A process graph or P-graph in short is a unique bipartite graph representing
the structure of a process system. In such a graph, the operating units
are denoted by horizontal bars, and their input and output materials by
solid circles. A P-graph is a directed graph; the direction of the arcs
is the direction of the material flows in the network; it is directed to
an operating unit from its input materials and from an operating unit to
its output materials. The P-graph is illustrated in Fig. 1.
Fig. 1. P-graph representation of the operating unit separating
mixture
ABC into component
A and mixture
BC.
Figure 2 is the conventional block diagram of the operating unit represented
by the P-graph in Fig. 1.
Fig. 2. Block diagram corresponding to the P-graph in Fig 1.
Why do we need P-graph?
P-graphs have been proposed to alleviate difficulties encountered
by approaches based on conventional graphs, e.g. digraph and signal-flow
graph.
In the digraph representation of a process system, the
operating units correspond to the vertices, and the connections to the
arcs of the graph. In the signal-flow graph representation of a process
system, the vertices of the graph are associated with the materials of
the process. While these conventional graphs are suitable for representing
and analyzing a process system (e.g., Mah, 1983, 1990; Dudczak, 1986),
they are not suitable for process synthesis as demonstrated in the following
simple examples.
Cases (1.1) and (1.2) described below can be represented by the
same digraph shown in Fig. 3.
Case (1.1). Two different materials are produced separately,
one by operating unit 02 and the other by operating unit 03. Moreover,
it is necessary to feed both of these materials to operating unit 01 to
generate the final product.
Case (1.2). One material is produced by both operating
units 02 and 03. This material is subsequently fed to operating unit
Ol to generate the final product.
Fig. 3. Digraph: note that it is incapable of uniquely characterizing
a synthesis problem as demonstrated by example 1.

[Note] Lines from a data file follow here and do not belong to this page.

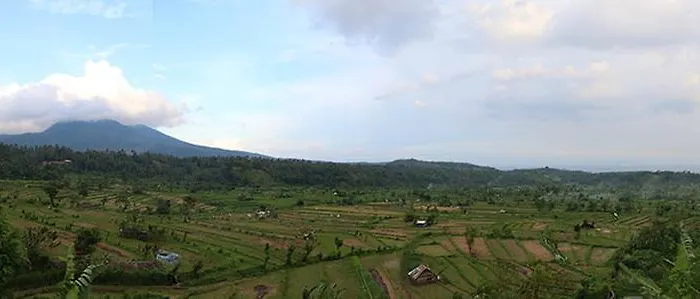 Pandan Guest House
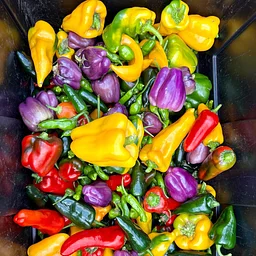 Franklinton Farms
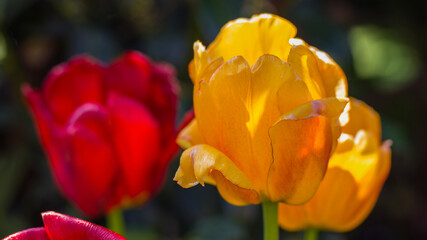 eine gelbe blühende Tulpe, im Hintergrund eine rote Tulpe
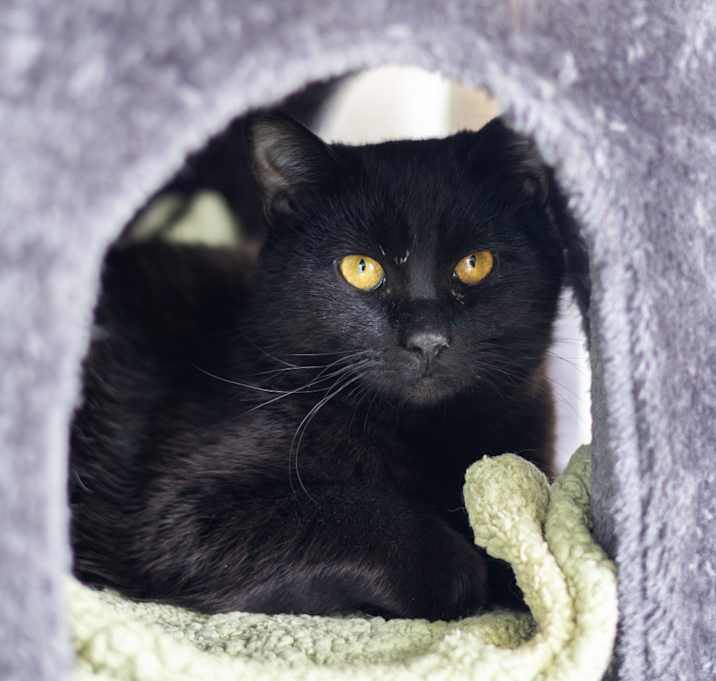 Photo of Aka (bonded with Kona)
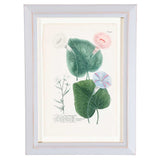 Weinmann Botanical Prints
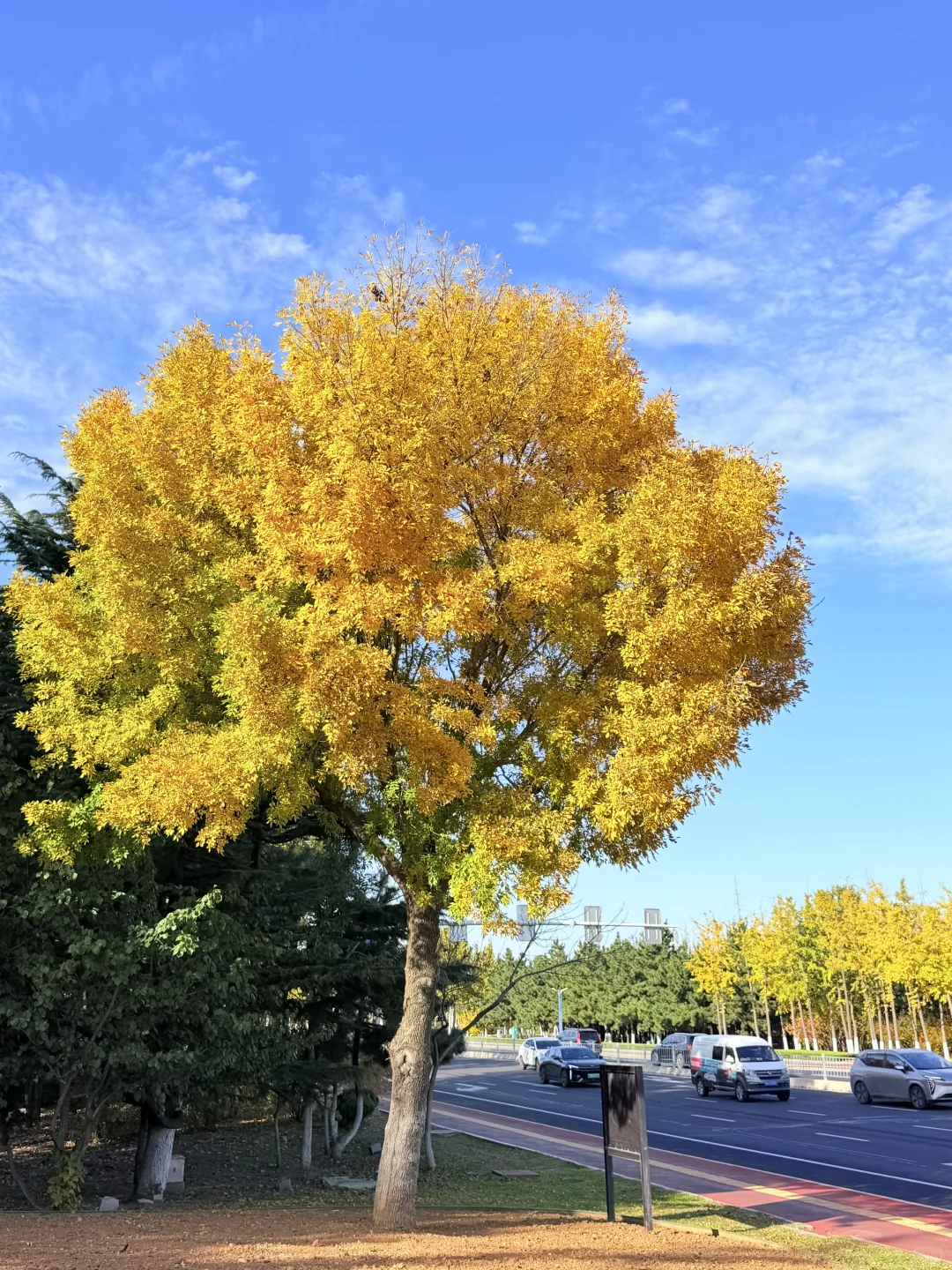 我他妈的又一个人来烟台海边看海（11.10号）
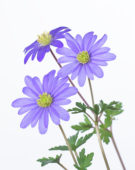 Anemone blanda
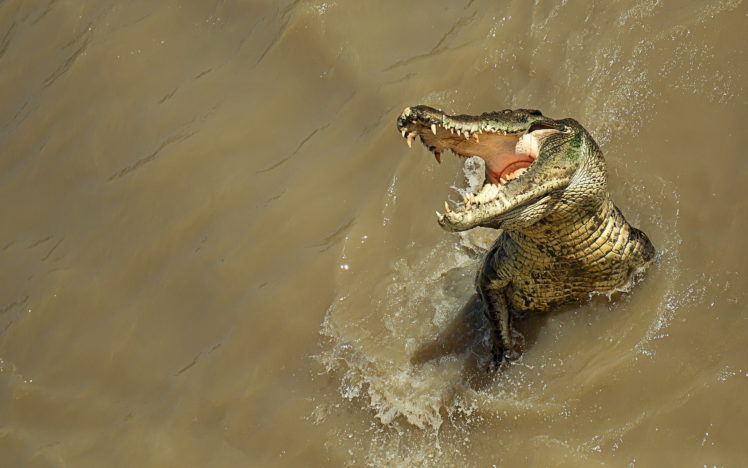 crocodile, Nature, Water, Predator HD Wallpaper Desktop Background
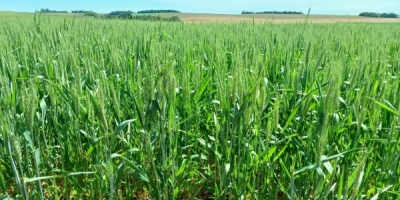 Florescimento do trigo começa no Rio Grande do Sul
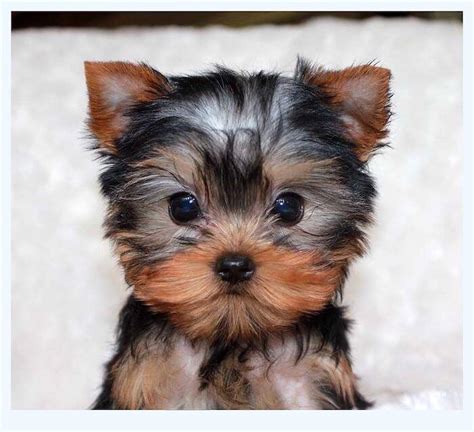 Toy Yorkie Breeders Near Me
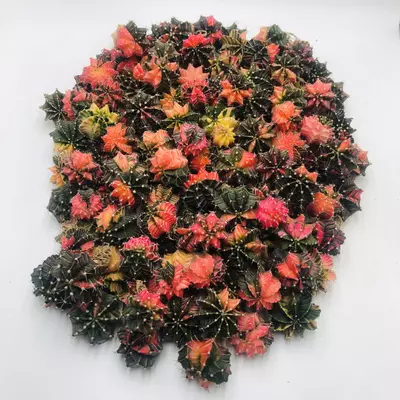 plant/Gymnocalycium Variegated Mystery Lot - Rare Thailand import cactus (Random)-1-thumbnail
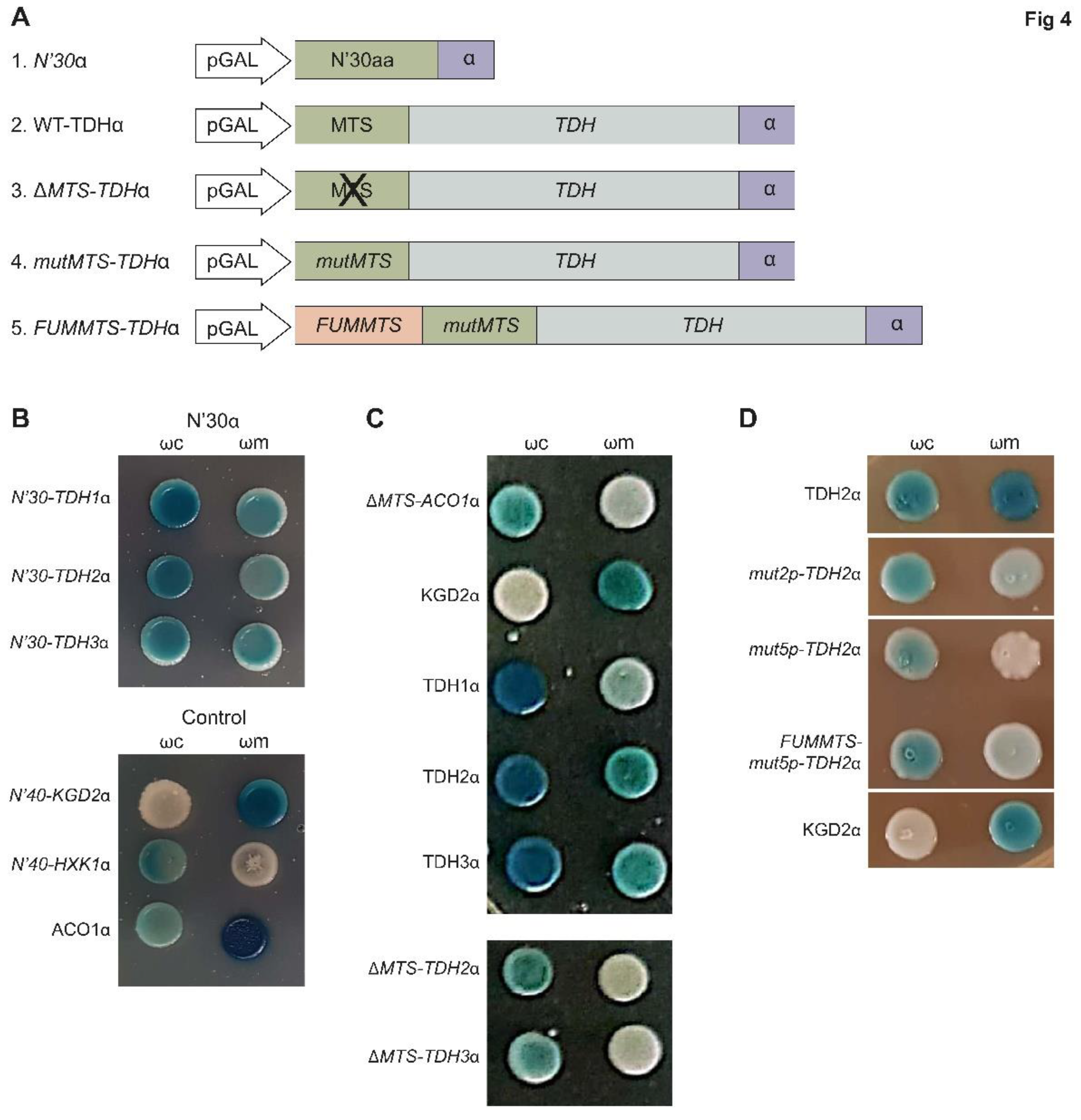 Preprints 72653 g004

Note that while both operating units 02 and 03 are necessary
to produce the product in case (1.1), either unit is sufficient in
case (1.2).
Cases (2.1) and (2.2) described below are represented by the
same signal-flow graph of Fig. 4.
Case (2.1). Two separate operating units, one receiving
material B as its input and the other receiving material C as its input,
produce the same material which is subsequently fed to another operating
unit where material A (product) is generated.
Case (2.2). A single operating unit, receiving materials
B and C as its inputs, produces a material which is subsequently fed
to another operating unit where material A (product) is generated.
Fig. 4. Signal-flow graph: note that it is incapable of uniquely
characterizing a synthesis problem as demonstrated by example 2.
Note that while case (2.1) requires three operating units,
case (2.2) requires only two units. Obviously, the semantics, i.e. meaning,
of the figure is unclear. As in Fig. 3, Fig. 4 fails to describe the
process system in clear semantics.
Examples 1 and 2 demonstrate that neither of the two most popular
conventional graphs is semantically rich enough to faithfully represent
a process structure. The semantics of a process structure is concerned
with the meaning of individual materials and operating units and the
relationship between them, while the syntax of the process structure is
concerned with the ordered organization of the flow of the materials
and the operating units.
Both a digraph and a signal-flow graph can orderly encode a
process structure into a graph representation. However, as demonstrated
by the examples above, the former is not sufficient to uniquely represent
individual materials and their relationship, and the latter is not sufficient
to uniquely represent individual operating units and their relationship.
Hence, a graph more sophisticated than a conventional one, such as the
digraph or signal-flow graph, is required to uniquely characterize a synthesis
problem.